(Source records)
────────────────

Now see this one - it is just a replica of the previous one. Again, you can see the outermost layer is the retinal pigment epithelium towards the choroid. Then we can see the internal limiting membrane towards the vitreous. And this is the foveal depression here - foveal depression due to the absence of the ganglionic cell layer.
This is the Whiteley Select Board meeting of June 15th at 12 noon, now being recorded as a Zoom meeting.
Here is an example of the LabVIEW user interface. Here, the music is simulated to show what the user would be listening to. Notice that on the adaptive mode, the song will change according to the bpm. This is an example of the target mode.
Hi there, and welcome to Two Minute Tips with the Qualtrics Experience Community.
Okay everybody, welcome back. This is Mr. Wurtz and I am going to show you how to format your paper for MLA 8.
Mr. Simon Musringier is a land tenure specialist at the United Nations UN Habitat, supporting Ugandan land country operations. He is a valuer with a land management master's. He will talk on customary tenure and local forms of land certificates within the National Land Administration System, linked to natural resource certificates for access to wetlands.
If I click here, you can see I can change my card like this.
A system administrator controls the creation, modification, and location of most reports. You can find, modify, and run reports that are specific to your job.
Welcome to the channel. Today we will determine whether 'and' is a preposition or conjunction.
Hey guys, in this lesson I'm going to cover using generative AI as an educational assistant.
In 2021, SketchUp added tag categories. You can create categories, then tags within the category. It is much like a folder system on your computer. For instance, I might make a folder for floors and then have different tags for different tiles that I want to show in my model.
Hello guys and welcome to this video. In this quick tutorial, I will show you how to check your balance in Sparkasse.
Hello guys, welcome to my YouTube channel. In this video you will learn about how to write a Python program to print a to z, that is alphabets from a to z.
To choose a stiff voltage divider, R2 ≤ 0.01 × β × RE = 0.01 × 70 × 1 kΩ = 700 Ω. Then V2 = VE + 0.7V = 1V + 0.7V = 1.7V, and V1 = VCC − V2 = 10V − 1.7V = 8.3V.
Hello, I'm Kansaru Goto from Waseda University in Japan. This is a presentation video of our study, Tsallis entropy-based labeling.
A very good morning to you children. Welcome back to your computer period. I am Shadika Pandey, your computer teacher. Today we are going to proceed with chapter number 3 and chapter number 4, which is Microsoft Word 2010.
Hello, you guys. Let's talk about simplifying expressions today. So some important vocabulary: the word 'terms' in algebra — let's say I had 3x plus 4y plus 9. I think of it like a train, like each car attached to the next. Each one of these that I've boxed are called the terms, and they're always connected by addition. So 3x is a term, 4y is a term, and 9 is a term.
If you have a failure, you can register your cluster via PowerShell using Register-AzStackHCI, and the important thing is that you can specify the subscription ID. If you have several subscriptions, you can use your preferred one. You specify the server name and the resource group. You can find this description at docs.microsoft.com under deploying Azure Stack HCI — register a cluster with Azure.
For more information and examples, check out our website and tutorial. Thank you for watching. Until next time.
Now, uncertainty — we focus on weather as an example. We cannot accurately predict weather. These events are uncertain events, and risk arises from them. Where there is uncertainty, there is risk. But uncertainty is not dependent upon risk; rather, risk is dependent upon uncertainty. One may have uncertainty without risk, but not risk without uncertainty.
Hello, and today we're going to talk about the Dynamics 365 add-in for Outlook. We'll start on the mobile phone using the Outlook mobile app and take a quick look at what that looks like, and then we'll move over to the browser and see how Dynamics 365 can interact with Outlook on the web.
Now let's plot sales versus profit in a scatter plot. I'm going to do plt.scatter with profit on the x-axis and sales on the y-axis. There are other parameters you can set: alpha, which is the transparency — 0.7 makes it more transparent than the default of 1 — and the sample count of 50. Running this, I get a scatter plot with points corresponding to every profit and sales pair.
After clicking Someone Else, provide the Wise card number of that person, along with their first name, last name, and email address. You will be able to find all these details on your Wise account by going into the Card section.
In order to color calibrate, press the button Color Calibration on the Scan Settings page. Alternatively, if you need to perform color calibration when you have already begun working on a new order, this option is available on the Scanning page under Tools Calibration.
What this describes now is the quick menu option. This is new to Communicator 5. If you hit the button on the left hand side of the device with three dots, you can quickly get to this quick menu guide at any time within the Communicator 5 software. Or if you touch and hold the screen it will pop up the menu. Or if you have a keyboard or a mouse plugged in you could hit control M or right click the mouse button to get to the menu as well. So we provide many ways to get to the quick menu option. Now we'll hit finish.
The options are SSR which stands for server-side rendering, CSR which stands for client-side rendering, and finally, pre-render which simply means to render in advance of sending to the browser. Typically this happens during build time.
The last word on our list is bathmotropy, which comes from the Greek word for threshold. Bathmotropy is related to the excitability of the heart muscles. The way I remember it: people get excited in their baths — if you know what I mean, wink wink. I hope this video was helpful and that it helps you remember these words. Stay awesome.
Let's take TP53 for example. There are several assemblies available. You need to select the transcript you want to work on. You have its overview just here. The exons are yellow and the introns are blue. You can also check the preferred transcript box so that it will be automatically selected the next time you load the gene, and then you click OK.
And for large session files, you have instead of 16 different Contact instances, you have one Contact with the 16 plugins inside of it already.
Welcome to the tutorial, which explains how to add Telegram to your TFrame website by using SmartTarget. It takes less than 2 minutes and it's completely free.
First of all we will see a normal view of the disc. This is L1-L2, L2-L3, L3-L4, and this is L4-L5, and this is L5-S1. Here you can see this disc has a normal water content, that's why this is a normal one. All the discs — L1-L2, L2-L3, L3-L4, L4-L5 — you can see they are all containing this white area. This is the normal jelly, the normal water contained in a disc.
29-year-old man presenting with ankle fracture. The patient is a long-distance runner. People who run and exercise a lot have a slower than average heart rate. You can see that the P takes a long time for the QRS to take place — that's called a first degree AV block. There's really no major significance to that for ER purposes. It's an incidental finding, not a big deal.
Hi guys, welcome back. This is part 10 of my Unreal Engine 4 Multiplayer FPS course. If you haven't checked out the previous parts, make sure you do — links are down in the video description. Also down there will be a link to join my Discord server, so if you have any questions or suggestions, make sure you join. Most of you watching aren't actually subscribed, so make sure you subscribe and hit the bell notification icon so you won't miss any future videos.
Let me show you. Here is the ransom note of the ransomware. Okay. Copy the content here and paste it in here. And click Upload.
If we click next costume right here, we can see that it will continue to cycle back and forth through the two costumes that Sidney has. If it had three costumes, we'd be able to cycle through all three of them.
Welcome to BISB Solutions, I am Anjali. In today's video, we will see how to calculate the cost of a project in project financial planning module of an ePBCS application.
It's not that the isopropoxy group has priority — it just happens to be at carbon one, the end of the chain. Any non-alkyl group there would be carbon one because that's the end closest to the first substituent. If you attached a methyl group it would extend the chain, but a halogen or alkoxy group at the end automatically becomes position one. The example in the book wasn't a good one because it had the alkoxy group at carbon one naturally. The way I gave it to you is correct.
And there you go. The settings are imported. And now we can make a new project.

────────────────

What to do: Each line from the start of the records through the line holding "Hey guys, in" must be returned exactly; nothing else belongs in the answer.

Solution for this exercise:
Now see this one - it is just a replica of the previous one. Again, you can see the outermost layer is the retinal pigment epithelium towards the choroid. Then we can see the internal limiting membrane towards the vitreous. And this is the foveal depression here - foveal depression due to the absence of the ganglionic cell layer.
This is the Whiteley Select Board meeting of June 15th at 12 noon, now being recorded as a Zoom meeting.
Here is an example of the LabVIEW user interface. Here, the music is simulated to show what the user would be listening to. Notice that on the adaptive mode, the song will change according to the bpm. This is an example of the target mode.
Hi there, and welcome to Two Minute Tips with the Qualtrics Experience Community.
Okay everybody, welcome back. This is Mr. Wurtz and I am going to show you how to format your paper for MLA 8.
Mr. Simon Musringier is a land tenure specialist at the United Nations UN Habitat, supporting Ugandan land country operations. He is a valuer with a land management master's. He will talk on customary tenure and local forms of land certificates within the National Land Administration System, linked to natural resource certificates for access to wetlands.
If I click here, you can see I can change my card like this.
A system administrator controls the creation, modification, and location of most reports. You can find, modify, and run reports that are specific to your job.
Welcome to the channel. Today we will determine whether 'and' is a preposition or conjunction.
Hey guys, in this lesson I'm going to cover using generative AI as an educational assistant.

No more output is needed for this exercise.